Lorsque le gouvernement congolais a nationalisé une mine appartenant à First Quantum en 2010, le Premier ministre de l’époque Stephen Harper a pris fait et cause pour la compagnie auprès du G8, du G20, du FMI, de la Banque mondiale et « d’autres gouvernements ayant des intérêts commerciaux en RDC  ». Ces pressions diplomatiques ont finalement permis à la mine de retourner dans le giron canadien.

Depuis les années 1990, Ottawa a soutenu des gouvernements néolibéraux dans le monde entier, y compris au Panama, et promu des réformes et des initiatives économiques qui donnent aux compagnies canadiennes plus de pouvoir d’influence en vue de profiter des richesses en ressources naturelles des États étrangers, souvent au détriment des populations locales. Au Panama, les institutions gouvernementales se sont étiolées au cours des dernières décennies et l’influence des sociétés transnationales, dont notamment First Quantum, a pris de l’ampleur.

Sous l’ancien premier ministre Stephen Harper, le Canada a signé un accord de libre-échange (ALE) avec le Panama. Dans d’autres pays, cependant, les efforts du Canada pour répandre la libre entreprise se sont heurtés à un mur. Les négociations en vue d’un accord de libre-échange avec quatre pays d’Amérique centrale - le Guatemala, le Salvador, le Honduras et le Nicaragua - ont capoté parce que, selon les mots d’Enrique Mejía Ucles, du Conseil hondurien de l’entreprise privée, « il [est] difficile de conclure un accord avec le Canada... ils veulent que tout leur revienne à eux seuls ».

Depuis que la concession de First Quantum a été renouvelée, la société panaméenne s’est répandue en protestations. Selon un billet de Niall McGee dans le Globe and Mail, : «  le contrat a été dénoncé par les écologistes, les groupes autochtones, les militants syndicaux et les groupes religieux, qui s’y sont opposés en raison à la fois de ses modalités financières et de l’impact sur l’environnement de la mine à ciel ouvert ».
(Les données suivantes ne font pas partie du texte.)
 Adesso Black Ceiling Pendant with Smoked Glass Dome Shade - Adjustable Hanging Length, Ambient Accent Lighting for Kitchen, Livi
First Quantum a dénoncé les méthodes des manifestants comme étant « illégales et violentes ». Cependant, les pressions de la population ont fait en sorte que M. Cortizo a suspendu l’octroi de nouvelles autorisations d’exploitation minière et osé un « coup d’éclat » en annonçant un référendum visant à déterminer si le contrat conclu avec First Quantum doit être résilié ou non, la population étant invitée à se prononcer le 17 décembre.
Depuis l’annonce de Cortizo, le titre de First Quantum a chuté de 28,5 % à la Bourse de Toronto. « La compagnie a connu sa pire journée boursière des vingt dernières années », écrit Monsieur McGee.

Au Canada, les efforts déployés par le peuple panaméen pour protéger l’environnement et l’économie locale face à une certaine société minière canadienne ont à peine été évoqués par les médias et la classe politique. Monsieur Studnicki-Gizbert écrit :
Ce fait d’actualité a été couvert par les principaux médias du monde entier, mais ici, au Canada ? Pratiquement pas un mot. Cela laisse les Panaméens perplexes. Après tout, c’est une société minière canadienne qui est au centre de la crise politique et sociale la plus importante que leur pays ait connue depuis plus d’une génération.
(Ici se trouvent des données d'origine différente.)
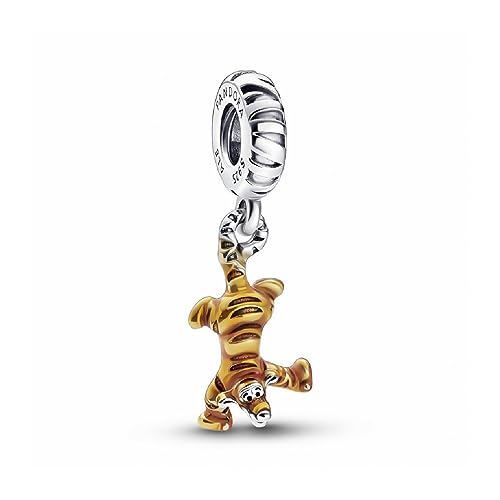 PANDORA Disney Winnie Puuh Tigger Charm-Anhänger aus Sterling Silber und Emaille - Kompatibel mit PANDORA Moments Armbänder PANDORA Disney Winnie Puuh Tigger Charm-Anhänger aus Sterling Silber und Emaille - Kompatibel mit PANDORA Moments Armbänder von PANDORA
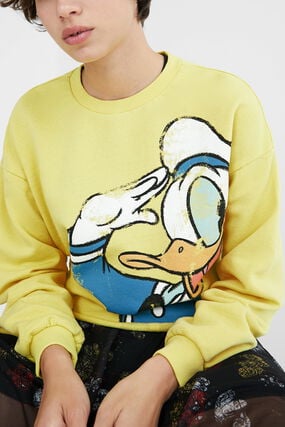 Sweatshirt illustration frayed hem - Mickey Mouse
Par contre, au Canada, rien n’émerge de la crise au Panama, si ce n’est des déclarations publiques lénifiantes et des manœuvres de soutien à First Quantum en coulisse.
M. Studnicki-Gizbert poursuit :
La question que [les Panaméens] me posent est : Que dit le Canada ?... Les Canadiens soutiennent-ils [First Quantum] ou sont-ils du côté du peuple panaméen ?... Compte tenu de ce que j’ai vu, je suis pour ma part d’accord pour dire qu’un autre bail de 20 ans ne fera que causer considérablement plus de tort que de bien au Panama.
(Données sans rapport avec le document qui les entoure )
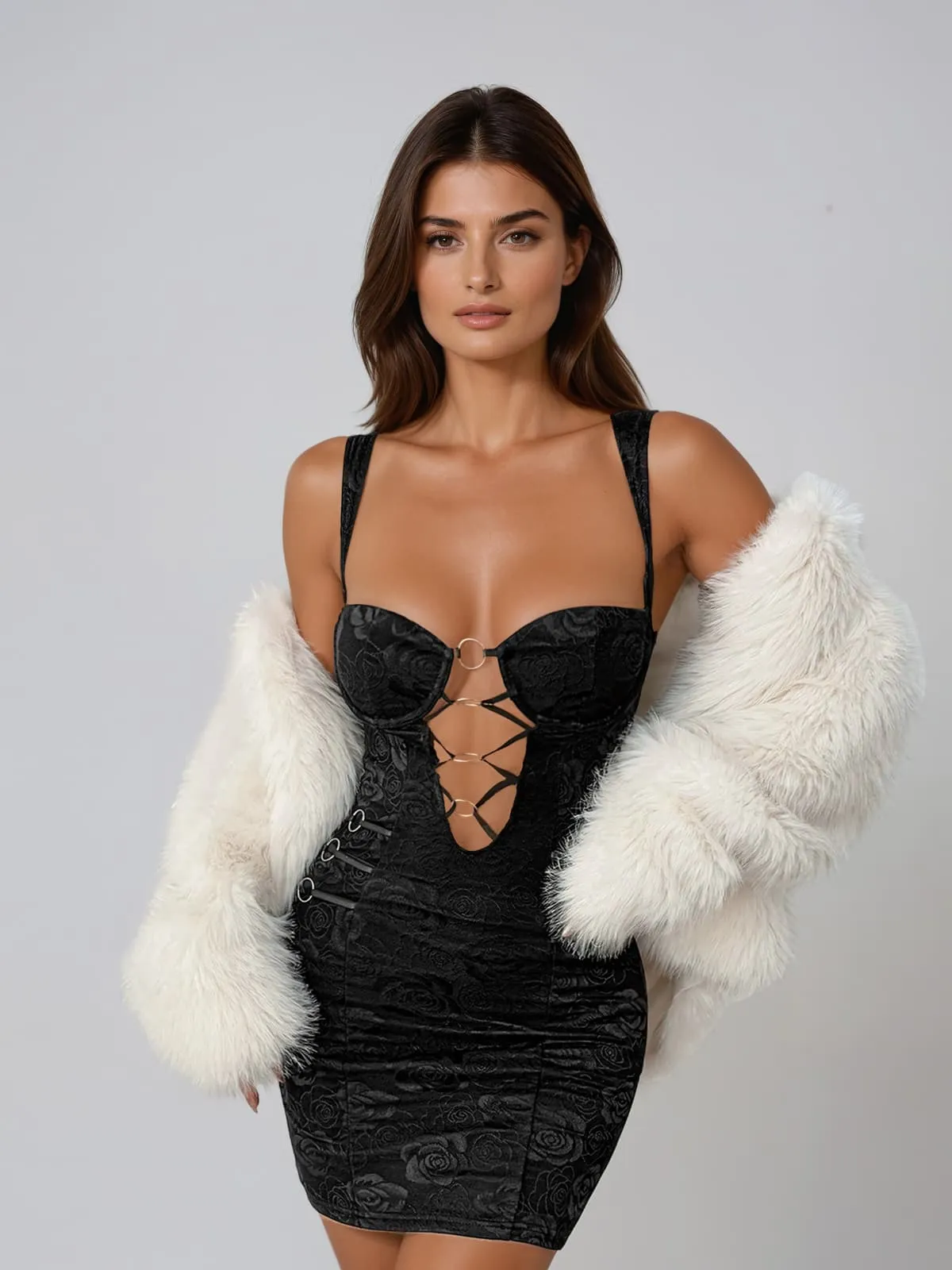 Ravendric Cutout Floral Mini Dress sold by Mew Mews product image thumbnail 3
Le gouvernement canadien voit-il les choses du même œil ? Compte tenu du silence actuel d’Ottawa et de son soutien historique à First Quantum contre les mouvements sociaux panaméens, la réponse semble être un non retentissant.

Owen Schalk est un rédacteur établi dans une région rurale du Manitoba. Il est l’auteur de Canada in Afghanistan : A story of military, diplomatic, political and media failure, 2003-2023. (Le Canada en Afghanistan : histoire d’un échec militaire, diplomatique, politique et médiatique, 2003-2023).